Gov. Dayton, the DFL and their allies are doing everything they can to rationalize Gov. Dayton’s decision to dramatically increase his commissioners’ pay:

Members of Gov. Mark Dayton’s Cabinet are getting raises of tens of thousands of dollars, a move the Democrat says is necessary to “keep and attract” the best candidates to the jobs. The pay hikes range between 19 percent and 58 percent, WCCO-TV reported Thursday. Lawmakers were notified of the raises 30 days after they took effect. “In state government we need to keep and attract the best, talented people. … It’s essential to pay them closer to what they are worth,” Dayton said. He added that commissioner salaries have not been raised in 10 years and said he thinks lawmakers deserve a raise, too.
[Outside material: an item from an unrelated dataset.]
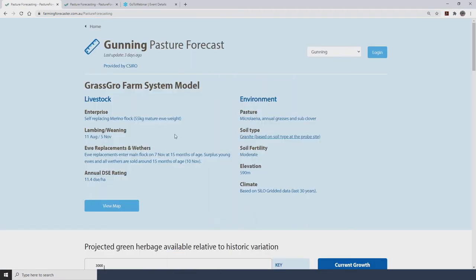When we click on More Pasture Detail we go to the Pasture Forecast page. It's important to take note of the table at the top because it contains important information regarding the farm system and the assumptions used in the grass-grow model. The left-hand side contains livestock information — enterprise type, lambing or calving date, weaning dates, when young stock are sold, replacement strategies, and an annual DSE rating. The right-hand side contains pasture type, soil type, soil fertility, elevation and so on. Looking at this table helps you better understand what the outputs on this page are actually based around.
The smallest raise was $22,407 to the Ombudsman for Mental Health, who will now earn $119,997. Top commissioners got 30 percent raises. Also getting a boost is the chairman of the Metropolitan Council, the regional planning agency for the Twin Cities. The job changed from part time to full time, and the pay increased by $83,577 to $144,991.
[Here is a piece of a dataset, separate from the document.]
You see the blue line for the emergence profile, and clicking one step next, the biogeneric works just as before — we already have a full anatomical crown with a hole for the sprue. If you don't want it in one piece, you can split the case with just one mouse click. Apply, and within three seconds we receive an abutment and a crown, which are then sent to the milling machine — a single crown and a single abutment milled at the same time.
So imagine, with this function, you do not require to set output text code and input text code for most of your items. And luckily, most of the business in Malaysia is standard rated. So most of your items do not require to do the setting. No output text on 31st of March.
First, it’s outrageous that the ‘Party of the Little Guy’ quietly raised the pay for people making close to $100,000 a year in salary by 20-75%. House Republicans should immediately pass a bill retroactive to January 1, 2015 that rescinds Gov. Dayton’s pay increases for bureaucrats making $100,000 a year. They should immediately send the bill over to the Senate for their consideration.

When the Senate refuses to debate the bill, House Republicans should insist on its inclusion in the final budget. Let’s see if DFL legislators are willing to fight for those raises heading into an election year. The DFL might be willing to fight that fight. If the DFL is willing to fight for those overpaid bureaucrats’ raises, that’s fine. The House and Senate Republican campaign committees should hire Derek Brigham to create individualized mailers that highlights these DFL legislators as fighting for pay increases for bureaucrats and higher taxes for Minnesota’s small businesses (2013) and the middle class (2013 and 2015).
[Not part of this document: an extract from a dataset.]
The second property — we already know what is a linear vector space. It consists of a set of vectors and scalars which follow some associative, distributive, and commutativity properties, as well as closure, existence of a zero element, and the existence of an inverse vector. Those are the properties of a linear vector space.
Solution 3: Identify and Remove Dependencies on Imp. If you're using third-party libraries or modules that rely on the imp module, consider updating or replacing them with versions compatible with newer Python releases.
This table should be part of those mailers:

This warped thinking is what I’d expect from Gov. Dayton:

But Dayton defended the increase as necessary to keep and retain top executives given competition from the private sector.

“There’s no controversy as far as I’m concerned. They haven’t had raises for 12 years,” he said. He acknowledged the salary “are a lot of money” but added that state staffers have left state employ and been able to make twice as much in local government or at universities. The salary increases, he suggested, would stop that drain.

Put differently, Gov. Dayton just gave Myron Frans a huge pay increase:

For those that don’t remember, Commissioner Frans was the person who accepted as Gospel fact that e-tabs would produce enough revenue to pay off the state share of the Vikings stadium. He was off by a paltry 95%.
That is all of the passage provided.